Traditionally, there are four possible ways to classify people who perform work. Volunteers can donate their time at nonprofits. Interns can work for no pay or for a small stipend to gain experience. But two classifications—independent contractors and employees—cover most work.
Except, some say, in the emerging sharing or “gig” economy.
Now two economists at the Brookings Institution think tank in Washington, D.C., have proposed a new category: independent worker.
It’s designed to cover people such as Uber drivers and TaskRabbit repair persons who take short-term contractor assignments, usually brokered through a smartphone app. The customer pays the app company, the worker pockets part of the fee and everyone parts company pleased with a simple transaction neatly executed.
But the gig economy doesn’t always work so smoothly. Many of those who toil in it gripe that independent contractor status may provide compensation and a flexible schedule, but it doesn’t provide everything real employment does.

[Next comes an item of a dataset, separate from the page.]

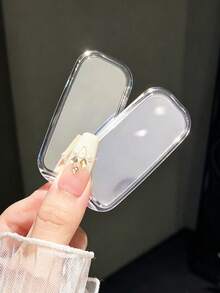 One Stick-On Mini Makeup Mirror Mobile Phone Stand, Suitable For Both Horizontal And Vertical Use, Folding Support Point For Desktop, Makeup Mirror With Adhesive Back, Lazy Person's Back-Mounted Mobile Phone Holder, Accessory For Binge-Watching And Live Streaming, New Style Frame For Women. - Multicolor - View 4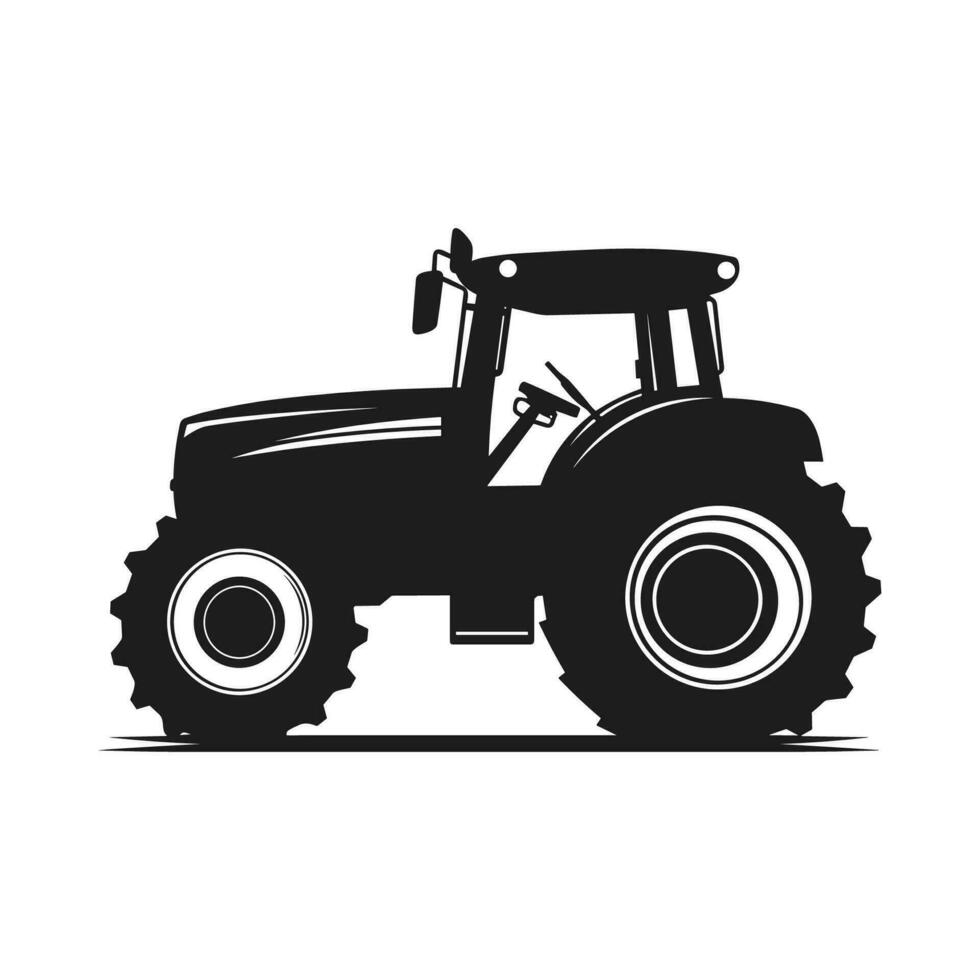 A tractor Vector black clipart free, A farm Tractor Silhouette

Several class-action lawsuits claim Uber drivers and others should be classified as employees rather than independent contractors.
Enter Brookings economists Seth Harris and Alan Kreuger. Their independent worker classification would grant the freedom and flexibility of contracting, plus the benefits and protections employees receive.
What kind? Harris and Krueger propose the right to unionize, along with civil rights protections. Employers would handle income tax withholding and contribute an employer’s share to.
The upside for employers? The Brookings economists argue that independent workers shouldn’t be due a minimum wage or overtime pay.
Never going to happen, right? Probably not. Don’t look for an amendment to the Fair Labor Standards Act incorporating an independent worker classification. But it could gain traction in the executive branch. After all, Kreuger is the former chair of the White House Council of Economic Advisers.